Encore un chiffre sur l’amour internétisé. Une petite règle de trois doit nous permettre d’avoir une idée du marché en Europe. Meetic revendique 13% de l’audience (1) des sites de rencontres en Europe, il dépasse probablement le milliard d’euros.

PhDx

(1) La notion de part d’audience combine le nombre de visiteurs uniques sur un mois et le temps moyen passé chaque mois par ces mêmes visiteurs uniques. Source : Mediametrie/NetRatings, janvier 2010

5 commentaires pour “Meetic sort du rouge mais l’avenir n’est pas tout rose”

  1. Bonjour
    Très bonne analyse, merci de souligner le paradoxe de ces sites : avoir un taux de churn le plus faible possible alors que s’ils étaient aussi efficaces que ce qu’ils promettent, ce dernier devrait être énorme.

  2. Je me suis fait cette réflexion, mais elle est vertueuse. Nous pensons, vous et moi, que les clients de Meetic viennent chercher “une” rencontre. En fait, ils viennent chercher “des” rencontres. A bientôt. PhDx

  3. […] Ce billet était mentionné sur Twitter par Datingwatch. Datingwatch a dit: Sur Slate : Meetic, sorti du rouge mais … https://blog.slate.fr/phdx/2010/05/05/meetic/ […]

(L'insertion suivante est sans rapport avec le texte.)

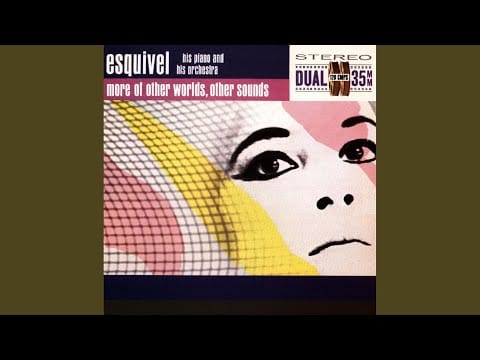 Esquivel And His Orchestra — Dancing in the Dark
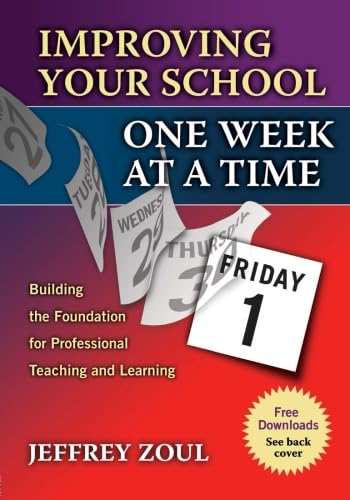 Improving Your School One Week At A Time: Building the Foundation For Professional Teaching and L...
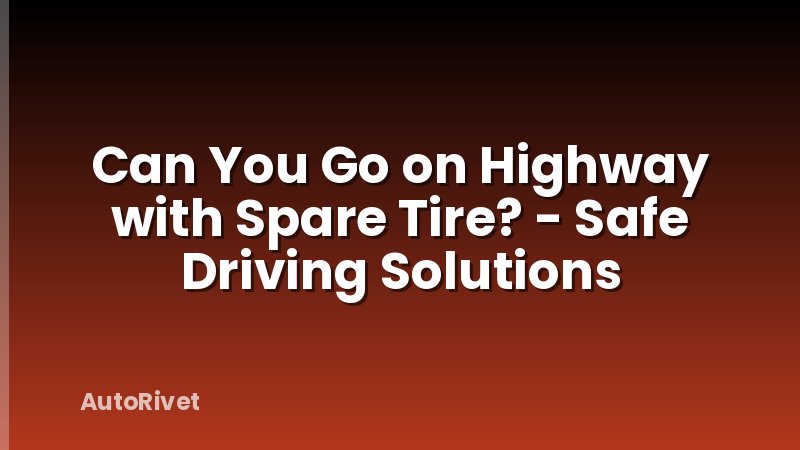 Can You Go on Highway with Spare Tire? - Safe Driving Solutions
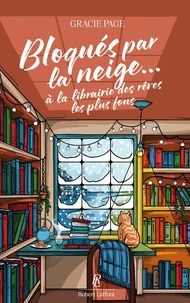 Bloqués par la neige... à la librairie des rêves les plus fous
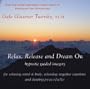 Relax, Release and Dream On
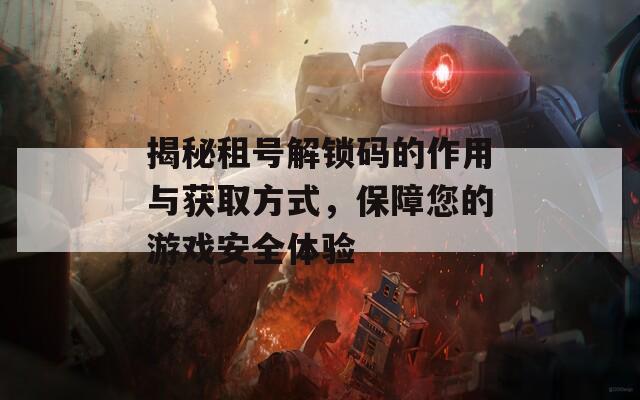 揭秘租号解锁码的作用与获取方式，保障您的游戏安全体验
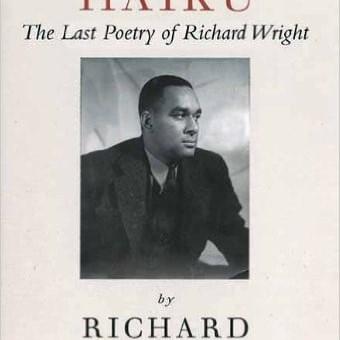 Haiku: The Last Poetry of Richard Wright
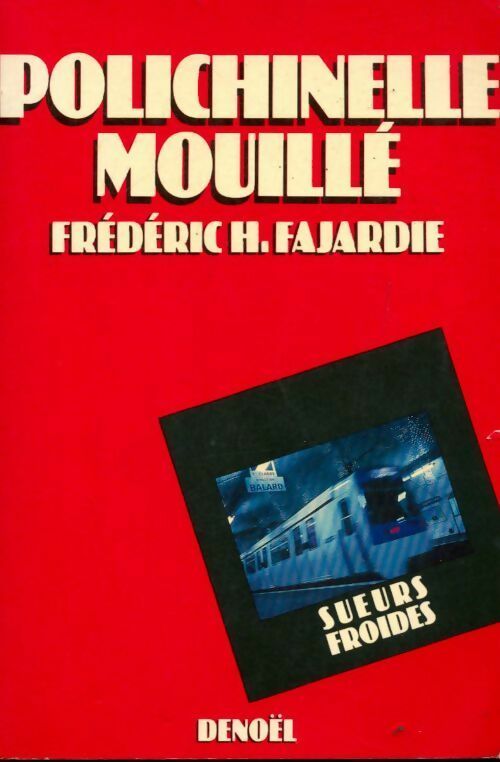 Polichinelle mouillé - Frédéric H. Fajardie -  Sueurs froides - Livre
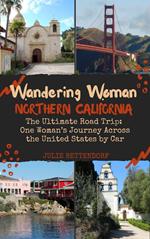 Wandering Woman: Northern California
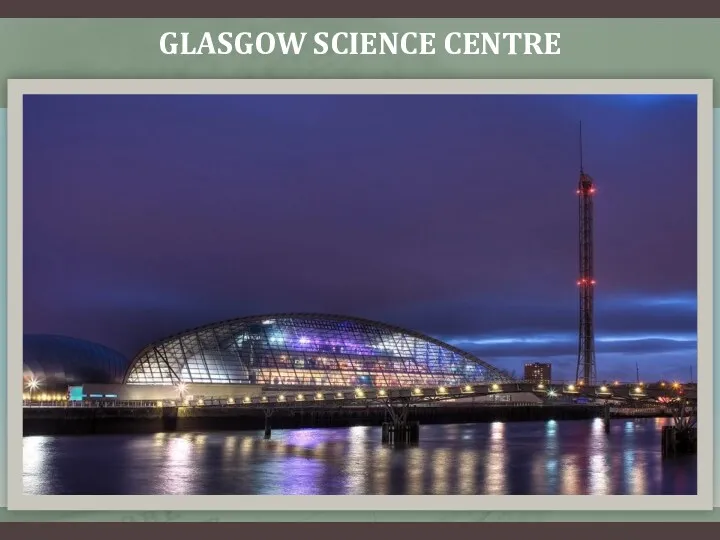 GLASGOW SCIENCE CENTRE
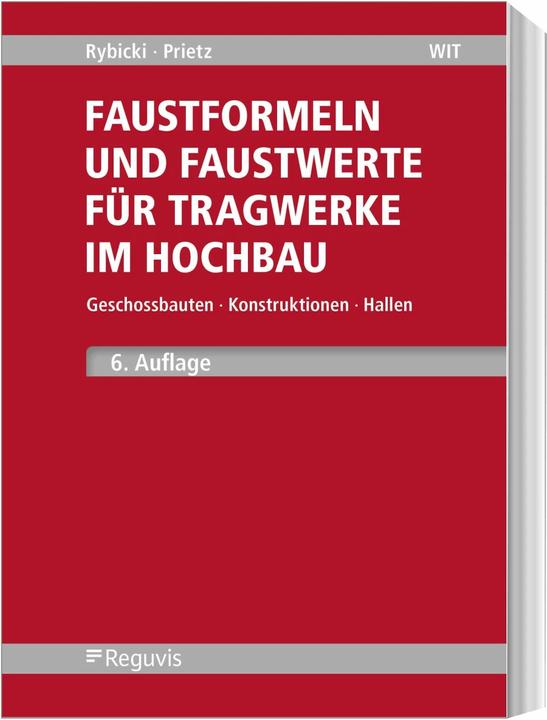 Image du produit Faustformeln und Faustwerte für Tragwerke im Hochbau (Allemand, Rudolf Rybicki, Frank Prietz, 2021)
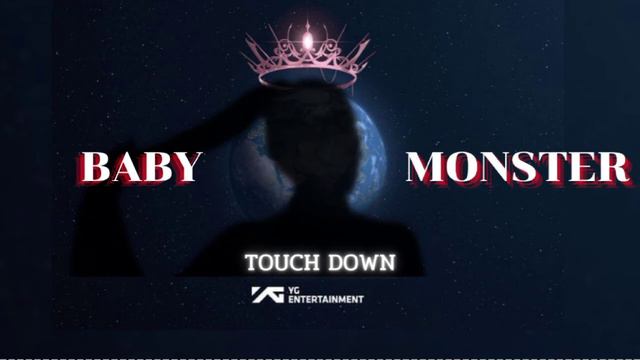 BABY Monster - TouchDown( YG NEW girl group ) | Song Demo смотреть онлайн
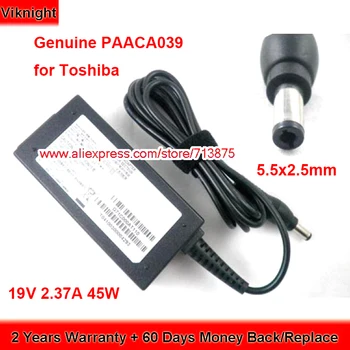 מקורי PAACA039 45W מטען AD9049 19V 2.37 A מתאם עבור Toshiba Z935-P390 בת החסות Z30 P55 T210 T210D T230D T235D נייד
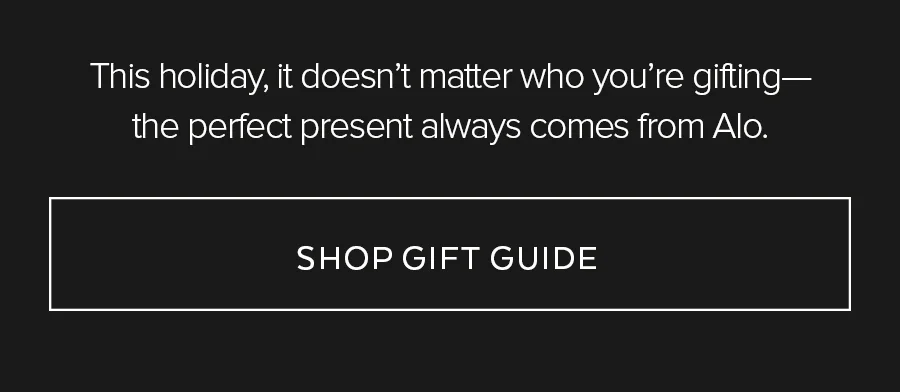 This holiday, it doesn't matter who you're gifting-the perfect present always comes from Alo. SHOP GIFT GUIDE
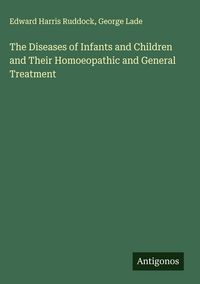 Produktbild: The Diseases of Infants and Children and Their Homoeopathic and General Treatment
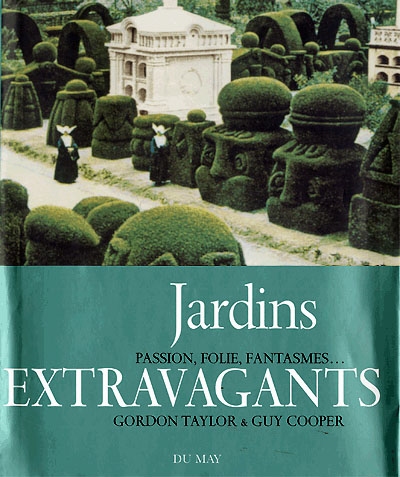 Jardins extravagants : passion, folie, fantasmes...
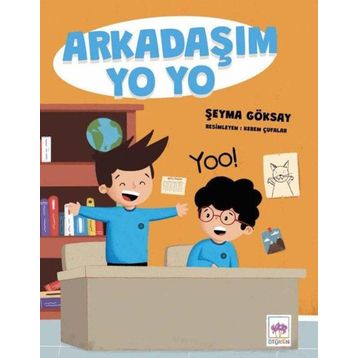 Arkadaşım Yo Yo - Şeyma Göksay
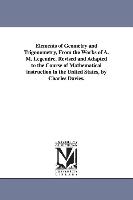 Elements of Geometry and Trigonometry, from the Works of A. M. Legendre. Revised and Adapted to the Course of Mathematical Instruction in the United S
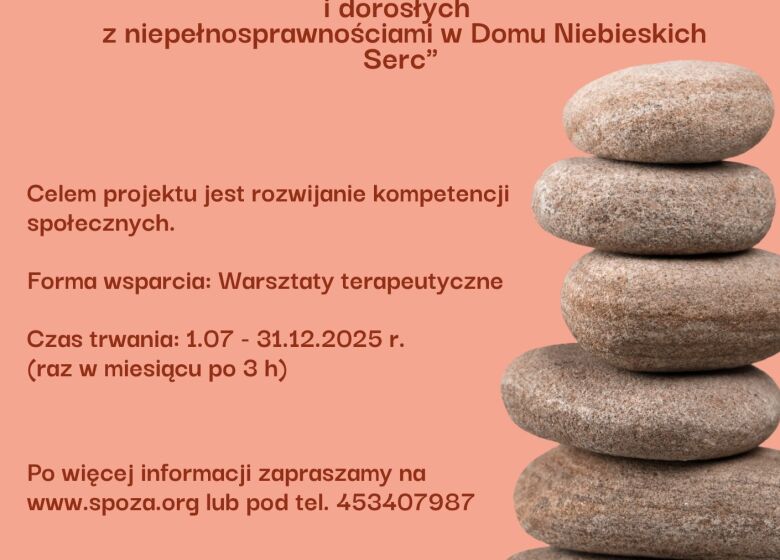 Rehabilitacja zawodowa i społeczna młodzieży i dorosłych z niepełnosprawnościami w Domu Niebieskich Serc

  4. […] Meetic : interrogations après les résultats Une analyse intéressante de Philippe Douroux, ancien rédacteur en chef à Libération et à Télérama et ex-rédacteur aux Echos et à La Tribune. L’auteur y analyse les résultats de Meetic à l’aune de ses acquisitions et fait le constat que la croissance, sur 2009, n’est venue uniquement de ses acquisitions et non de la base des membres des services historiques (quid de Meetic Affinity ?). Le revenu par abonné est plombé par des coûts d’acquisition très élevés, mais est compensé par un taux d’abandon (tchurn) qui s’est stabilisé à 14%. Bien entendu, ce taux peut être considéré de deux façons : d’un côté il montre que les utilisateurs croient en Meetic (faute de quoi ils ne resteraient pas sur le service), de l’autre il ne fait que souligner la relative inefficacité du service (quel est l’intérêt de rester sur le site, une fois que l’on y a fait LA rencontre?). A moins que les utilisateurs de Meetic cherchent à faire de multiples rencontres…quitte à ce qu’elles soient moins belles 🙂 Source […]

  5. Si le taux de renouvellement mensuel est de 14%, on en déduit qu’un abonné reste en moyenne 7 mois sur le site. Ça me semble tout à fait raisonnable comme durée pour faire LA rencontre.
    C’est de plus proche de 6 mois, la durée d’abonnement recommandée par Meetic…

    Mais se désabonne-t-on parce qu’on a trouvé, ou bien parce qu’on a perdu espoir de trouver sur un tel site ?

    Il reste la pratique contestée de réabonnement automatique qui mécontente pas mal d’abonnés.

    Bref, sans précisions, difficile d’en tirer des conclusions.